→ **WHAT IS BEING ASKED**: Output exactly those lines of the data that lie between the line containing "EGGER Pasadena Pine Decor Code: H1486" and the final line, both ends counted.

Caption-style text data:
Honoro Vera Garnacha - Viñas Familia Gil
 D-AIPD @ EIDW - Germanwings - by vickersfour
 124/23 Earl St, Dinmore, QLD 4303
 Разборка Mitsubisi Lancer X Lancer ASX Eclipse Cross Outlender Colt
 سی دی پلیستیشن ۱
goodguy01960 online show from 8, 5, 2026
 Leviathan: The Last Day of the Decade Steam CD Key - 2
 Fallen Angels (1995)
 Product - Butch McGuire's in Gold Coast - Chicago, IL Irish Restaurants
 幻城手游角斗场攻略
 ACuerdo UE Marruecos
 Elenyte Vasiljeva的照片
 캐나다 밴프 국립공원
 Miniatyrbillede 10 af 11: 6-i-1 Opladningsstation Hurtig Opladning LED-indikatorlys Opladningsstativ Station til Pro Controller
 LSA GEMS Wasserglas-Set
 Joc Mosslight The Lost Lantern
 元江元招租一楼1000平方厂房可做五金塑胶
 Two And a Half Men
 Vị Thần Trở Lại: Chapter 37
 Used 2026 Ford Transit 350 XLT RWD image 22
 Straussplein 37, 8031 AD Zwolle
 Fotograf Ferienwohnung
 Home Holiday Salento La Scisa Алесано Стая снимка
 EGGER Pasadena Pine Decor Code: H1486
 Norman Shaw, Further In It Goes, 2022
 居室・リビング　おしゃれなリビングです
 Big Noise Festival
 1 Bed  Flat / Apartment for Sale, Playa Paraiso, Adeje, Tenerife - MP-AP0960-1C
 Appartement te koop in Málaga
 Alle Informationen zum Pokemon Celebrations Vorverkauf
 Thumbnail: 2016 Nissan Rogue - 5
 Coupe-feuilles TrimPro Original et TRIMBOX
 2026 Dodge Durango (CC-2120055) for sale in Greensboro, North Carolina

→ **FINAL ANSWER**:
 EGGER Pasadena Pine Decor Code: H1486
 Norman Shaw, Further In It Goes, 2022
 居室・リビング　おしゃれなリビングです
 Big Noise Festival
 1 Bed  Flat / Apartment for Sale, Playa Paraiso, Adeje, Tenerife - MP-AP0960-1C
 Appartement te koop in Málaga
 Alle Informationen zum Pokemon Celebrations Vorverkauf
 Thumbnail: 2016 Nissan Rogue - 5
 Coupe-feuilles TrimPro Original et TRIMBOX
 2026 Dodge Durango (CC-2120055) for sale in Greensboro, North Carolina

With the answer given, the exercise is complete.